基于阶段投票和门限签名的改进PBFT协议

In 2008, Nakamoto[1] first proposed an electronic cash system constructed with blockchain technology. Blockchain technology has made it possible to directly use Bitcoin for transactions between entities that do not trust each other without any centralized trusted third party for management. In 2013, Buterin et al.[2-3] created the Ethereum platform inspired by Bitcoin to apply smart contract technology to blockchain and improve the scalability of a blockchain system. The Linux Foundation launched the Hyperledger Fabric open-source project for developing enterprise-level applications[4]. Blockchain technology has allowed the direct use of Bitcoin for transactions between entities that do not trust each other without any centralized trusted third party for management. The consensus algorithm, one of the core technologies of blockchain, is the mechanism of how mutually independent nodes in a blockchain system can reach consistency. Consequently, the consensus algorithm is a significant factor in determining the operational efficiency of the blockchain system.

Recently, consensus protocols can be categorized into three categories based on whether or not they are fault tolerant: the non-fault-tolerant proof of X class of schemes represented by the proof of work[5], general fault-tolerant CFT class of schemes represented by Raft[6], and byzantine fault-tolerant (BFT) class of schemes represented by the PBFT[7]. Each type of consensus protocol has its drawbacks, which limit its application to specific scenarios. BFT class protocols have a long history, are the most widely used, and can tolerate partially faulty nodes and evil nodes. However, the performance of these protocols is poor, so the improvement of PBFT has become a crucial research direction for consensus protocols used in various enterprise-level applications, including BFT-SmaRT[8], G-PBFT[9], and LibraBFT[10] consensus.
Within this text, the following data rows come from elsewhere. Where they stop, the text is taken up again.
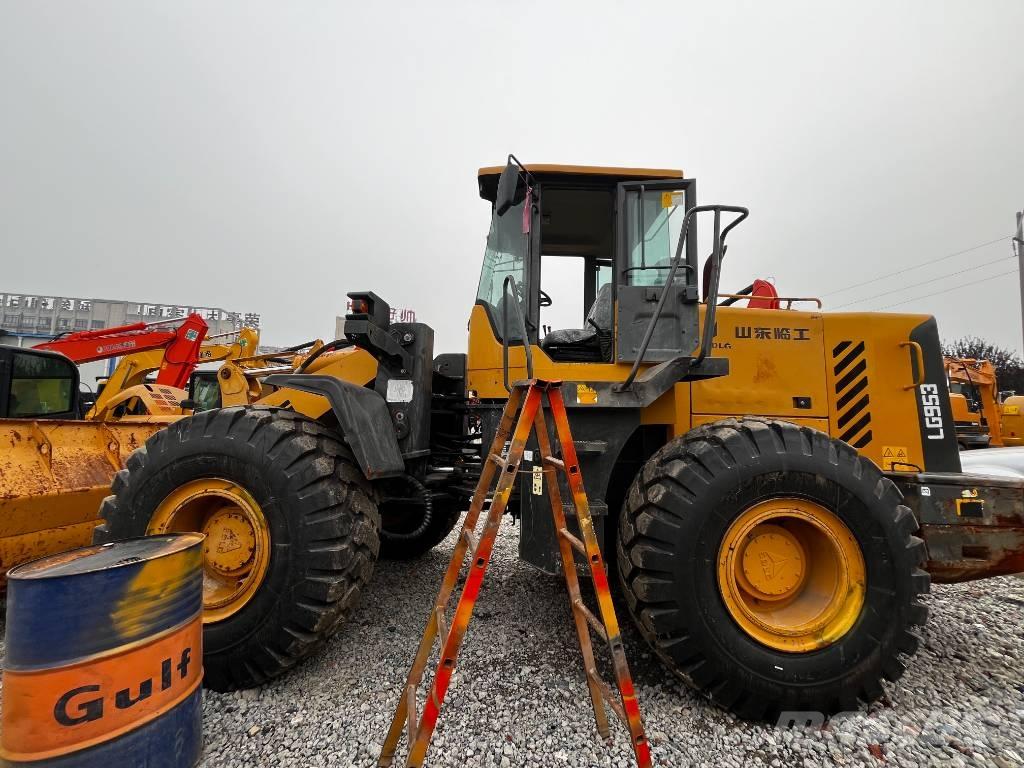 SDLG LG 953 Chargeuse sur pneus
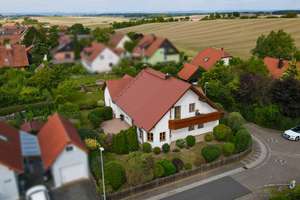Familienfreundliches Einfamilienhaus in Ortsrandlage von Greuth – Im Kämpfer 11, 97355 Castell – Vorschaubild 1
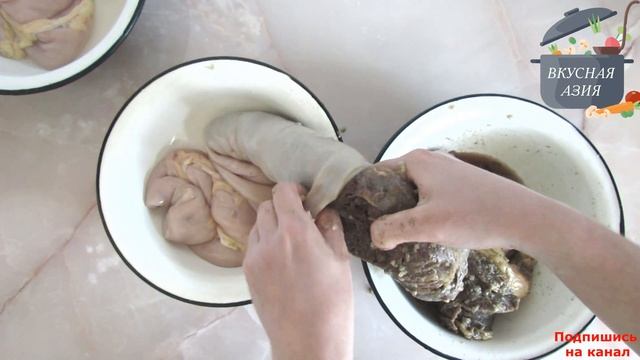 Колбасный деликатес из конины чучук казы.A sausage delicacy from horse meat chuchuk kazy.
Li et al.[11] proposed a PBFT-optimized consensus protocol named scalable hierarchical byzantine fault tolerance (SHBFT), which improves the efficiency of internode negotiation by designing a hierarchical structure. Li et al.[12] proposed a scalable multilayer PBFT-based consensus mechanism by hierarchically grouping nodes into different layers.
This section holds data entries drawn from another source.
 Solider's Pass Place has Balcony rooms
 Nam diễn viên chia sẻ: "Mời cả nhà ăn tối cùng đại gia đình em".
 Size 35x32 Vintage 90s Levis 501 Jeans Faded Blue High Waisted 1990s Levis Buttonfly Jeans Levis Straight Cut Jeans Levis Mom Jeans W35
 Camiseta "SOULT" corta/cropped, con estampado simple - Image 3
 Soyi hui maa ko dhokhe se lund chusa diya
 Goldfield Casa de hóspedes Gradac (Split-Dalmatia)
In the PBFT consensus protocol, all nodes have to communicate with one another to reach consensus, and the communication complexity is O(N2). PV-PBFT uses the threshold signature, where the threshold is set to 2f+1 and f is the number of malicious nodes. The main communication is between the primary and replica nodes, and phase voting is used, which brings the communication complexity down to O(N).

1 PV-PBFT Protocol

1.1 PV-PBFT consensus protocol

The PV-PBFT consensus protocol includes five phases with the same phase number as the original PBFT consensus protocol, and they can correspond to one another. The specific process is shown in Fig. 1. The following are the detailed processes.

1)Request phase: Similar to the request phase of the original PBFT. ClientC sends a request message to the primary node P. The format of the request message is m=[o,t,cid,csig], where m is the request message, o is the operation to be executed, t is the timestamp, cid is the client ID, and csig is the client’s signature. The timestamp ensures that the command is only executed once, and the client signature ensures that the message is correct.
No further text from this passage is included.